Added the new coal tower to the Spring Creek Valley Railroad today.


----------



## Dave F (Jan 2, 2008)

Holy Crap Ron! That thing is HUGE!!! 

I love it..


----------



## San Juan (Jan 3, 2008)

Impressive.

Super realistic with the coalveyor.


----------



## NTCGRR (Jan 2, 2008)

Ron my man!!!!!!!!!!!!!!


----------



## todd55whit (Jan 2, 2008)

Awesome! Love the photo with the mt. In the backround.


----------



## Jerry Barnes (Jan 2, 2008)

WOW, that is BIG, would overpower my puny layout, but is fine for yours. Nice work.


----------



## tom h (Jan 2, 2008)

Ron that is nice!!! I like that you put housing for the workers by the plant also. Those mountians sure look good in that picture.

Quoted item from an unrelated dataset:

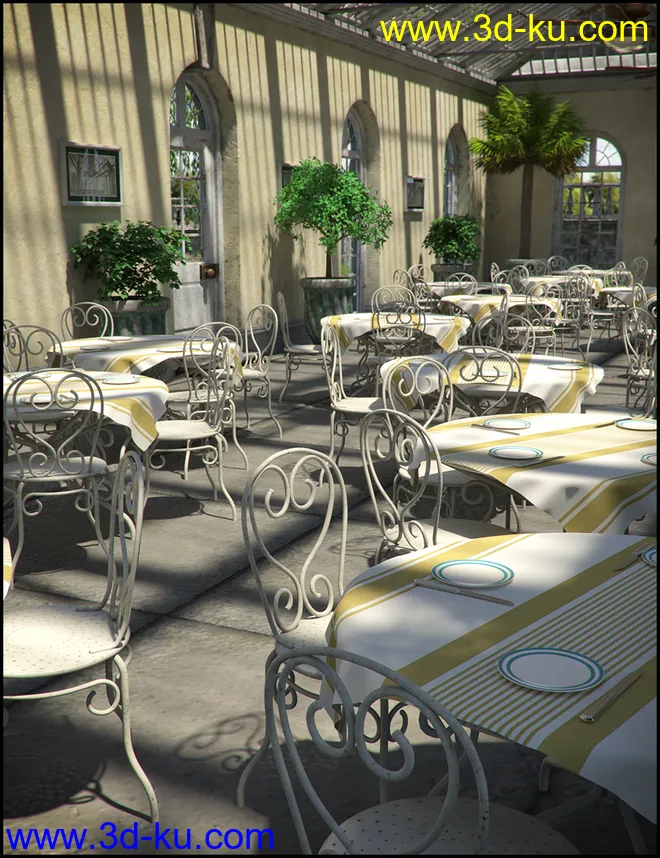 The Orangery Interior模型的图片2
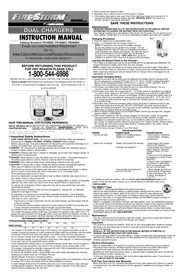 Notice BLACK & DECKER FS140DC Chargeur de batterie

What did you use for the conveyor belt?

Tom h


----------



## lownote (Jan 3, 2008)

HOMERIC!


----------



## wchasr (Jan 2, 2008)

Looks similar to the salt mines up near Mt Morris NY. I thought I took photos but they didn't turn out. Darn Cell phone camera! Nice job! 

Chas


----------



## chaingun (Jan 4, 2008)

Man that is great work Ron! My hats off to you on this one! 
Best, Ted


----------



## Steve Stockham (Jan 2, 2008)

Excellent work! I had to look twice to make sure the scale wasn't 1:1!


----------



## Torby (Jan 2, 2008)

That's just 'cause of that backdrop he has


----------



## MasonsDad (Feb 7, 2008)

That thing is Awesome , I love the natural backdrop it looks so real LOL. 
Seriously, it really looks great !! you have something to be proud of, you also did an outstanding job with it!!


----------



## Stan Cedarleaf (Jan 2, 2008)

That's great, Ron. Love the conveyor belt assembly.


----------



## up9018 (Jan 4, 2008)

WOW Ron, that looks great!!!


----------



## mgilger (Feb 22, 2008)

I forwarded this to a friend that wants to build a large coal operation. You did an excellent job.
Mark


----------



## Dennis Paulson (Jan 2, 2008)

Ron that is so impressive , it looks REAL !


----------



## aceinspp (Jan 2, 2008)

Looking good. fits right in and I love the trailer for housing folks. Later RJD


----------



## irondan (Jan 7, 2008)

That is a nice building, I like the details. Very realistic!


----------



## Nicholas Savatgy (Dec 17, 2008)

Nice job Ron, how tall is it?


----------



## Ron Senek (Jan 2, 2008)

Nick it is 3' tall 
Thanks for all the comments


----------



## Nicholas Savatgy (Dec 17, 2008)

Ron. very sweet.............Keep up the great work .....I so look forward to the additions you make to your RR looks great and thanks for posting pictures


----------



## Ron Senek (Jan 2, 2008)

Someday I might run out of room for buildings


----------



## Nicholas Savatgy (Dec 17, 2008)

Posted By Ron Senek on 23 Apr 2010 06:32 PM 
Someday I might run out of room for buildings 

Not likely.............


----------



## Dave F (Jan 2, 2008)

OK Ron, for your next project I think you need a refinery, like a 1:29 scale duplicte of the Sinclair refinery in Sinclair Wy, just north of I-80.

I figure in 1:29 it should measure about 100' x 120' or so.. Of course you'd need about 1500' of copper pipe and assorted fittings..


----------



## Ron Senek (Jan 2, 2008)

Been by that refinery many times. That would be a very time consuming project. Maybe a scaled down version but then I would need more tank cars.


----------



## jgallaway81 (Jan 5, 2009)

Posted By Ron Senek on 23 Apr 2010 07:37 PM 
...but then I would need more tank cars. 
And with that pronouncement, Aristo, USA, MTH & LGB managers begin rubbing their hands in glee and cackling wickedly.


----------